Output the lines from the top of the entries below to the line with "LAKE HOLLEY ESTATES - Residential", both included, exactly and without pictures.

───── Task material

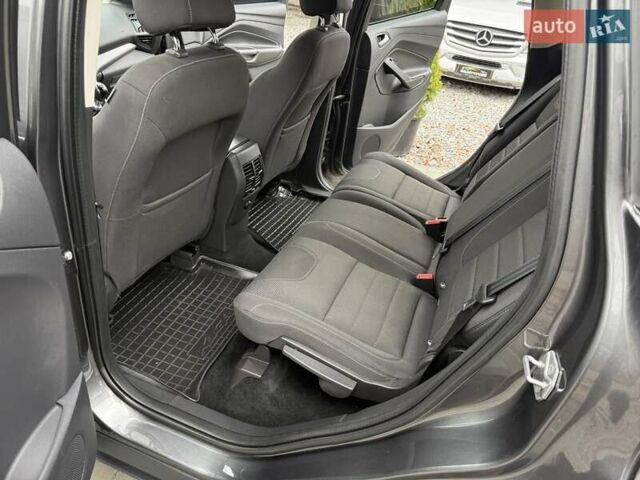 Серый Форд Куга, объемом двигателя 2 л и пробегом 130 тыс. км за 14800 $, фото 38 на Automoto.ua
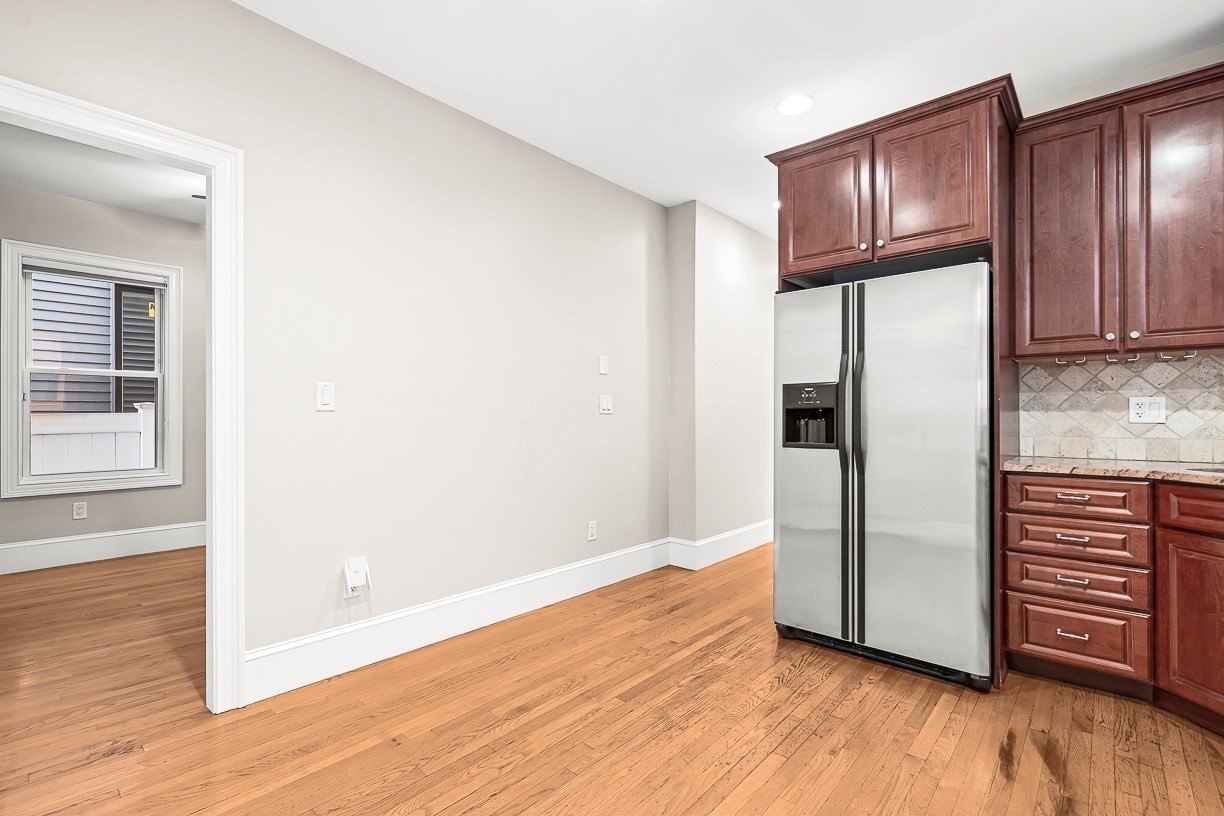 12 I St # 1 Property Photo 7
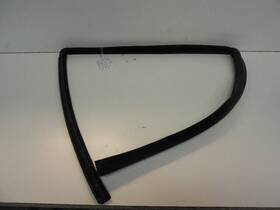 1647350125 Mercedes-benz 06-11 W164 Ml350 Ml500 Rear Left Window Frame Gasket Seal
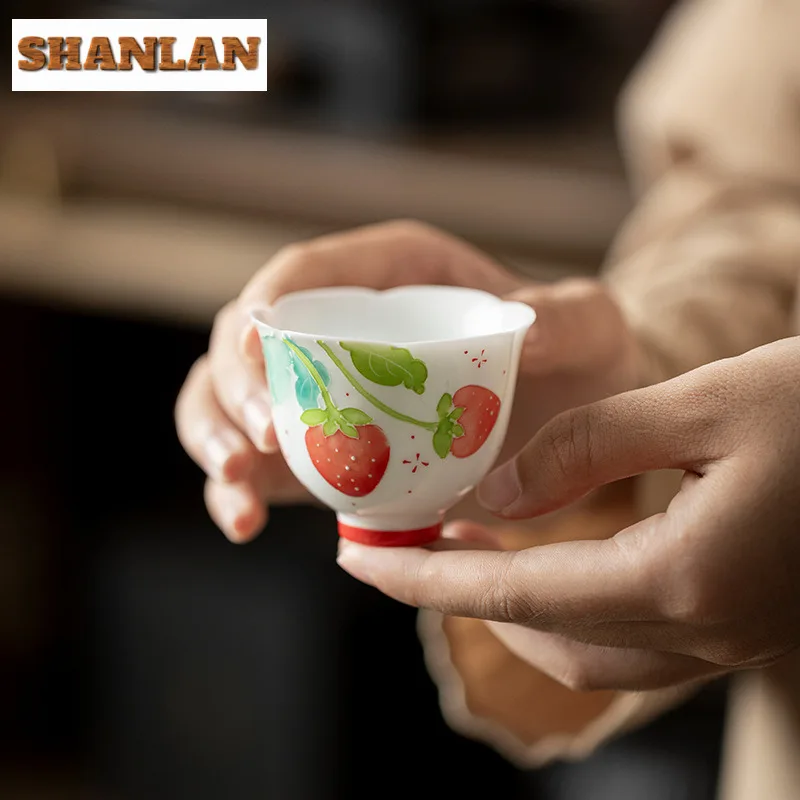 

2pc/lot Hand-painted Strawberry Teacup Zen Tea Bowl Water Jug Tea-tasting Meditation Cup Chazhan Master Cups Tea Services 50ml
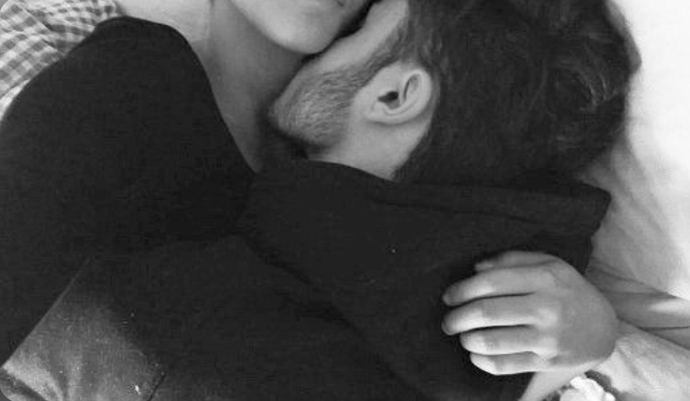 Sevdiğiniz kişi ile bir gece sadece sarılıp uyumak için feda edebileceklerinizin sonu var mı?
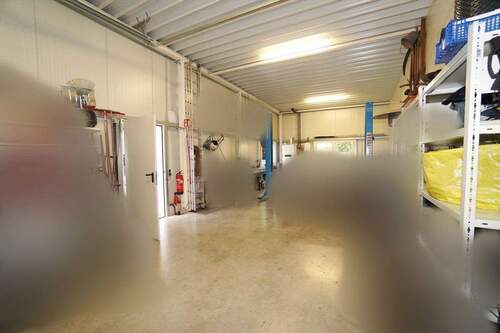 Gewerbehalle, Lager/Produktion - Mehrfamilienhaus, Wohnhaus mit 174,90 m&sup2; in Blomberg / Herrentrup zum Kaufen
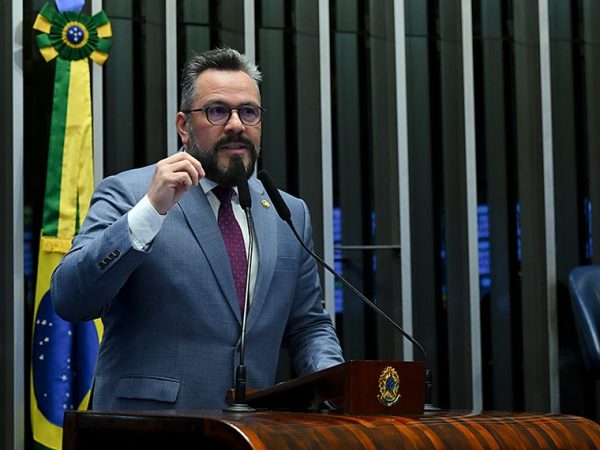 imagem_materia À tribuna, em discurso, senador Alan Rick (União-AC).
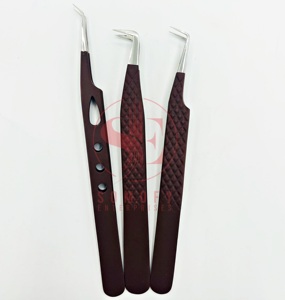 Pinzas de pestañas de volumen profesional de acero inoxidable mate marrón oscuro personalizadas punta redondeada mango de corazón antiestático Etiqueta Privada - Product Image 3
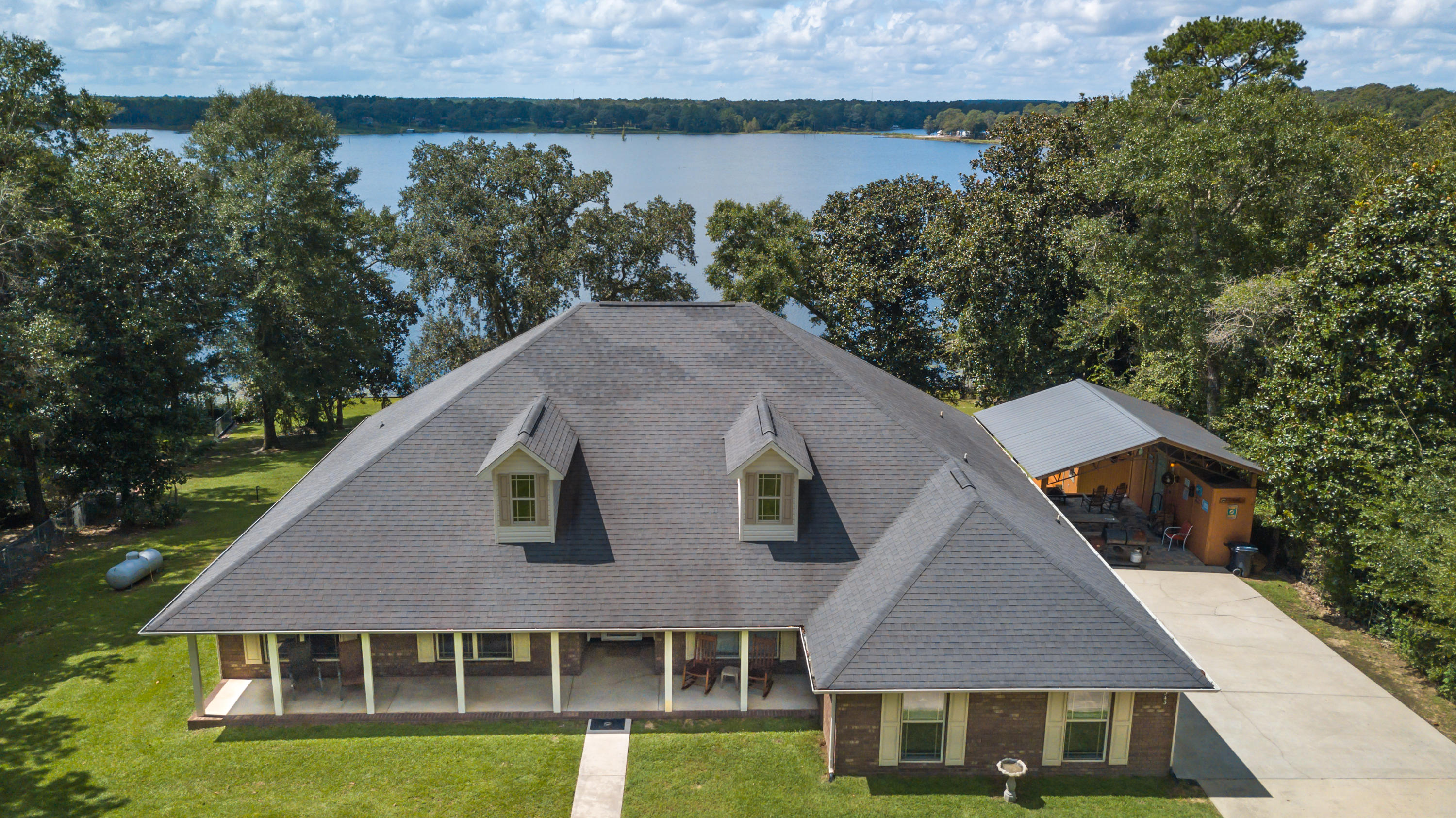 LAKE HOLLEY ESTATES - Residential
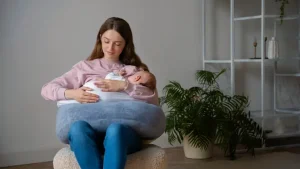 Menjadi Ibu Bahagia: Jaga Kesehatan Mental Pasca Melahirkan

──────────

• Response to this exercise:
 Серый Форд Куга, объемом двигателя 2 л и пробегом 130 тыс. км за 14800 $, фото 38 на Automoto.ua
 12 I St # 1 Property Photo 7
 1647350125 Mercedes-benz 06-11 W164 Ml350 Ml500 Rear Left Window Frame Gasket Seal

2pc/lot Hand-painted Strawberry Teacup Zen Tea Bowl Water Jug Tea-tasting Meditation Cup Chazhan Master Cups Tea Services 50ml
 Sevdiğiniz kişi ile bir gece sadece sarılıp uyumak için feda edebileceklerinizin sonu var mı?
 Gewerbehalle, Lager/Produktion - Mehrfamilienhaus, Wohnhaus mit 174,90 m&sup2; in Blomberg / Herrentrup zum Kaufen
 imagem_materia À tribuna, em discurso, senador Alan Rick (União-AC).
 Pinzas de pestañas de volumen profesional de acero inoxidable mate marrón oscuro personalizadas punta redondeada mango de corazón antiestático Etiqueta Privada - Product Image 3
 LAKE HOLLEY ESTATES - Residential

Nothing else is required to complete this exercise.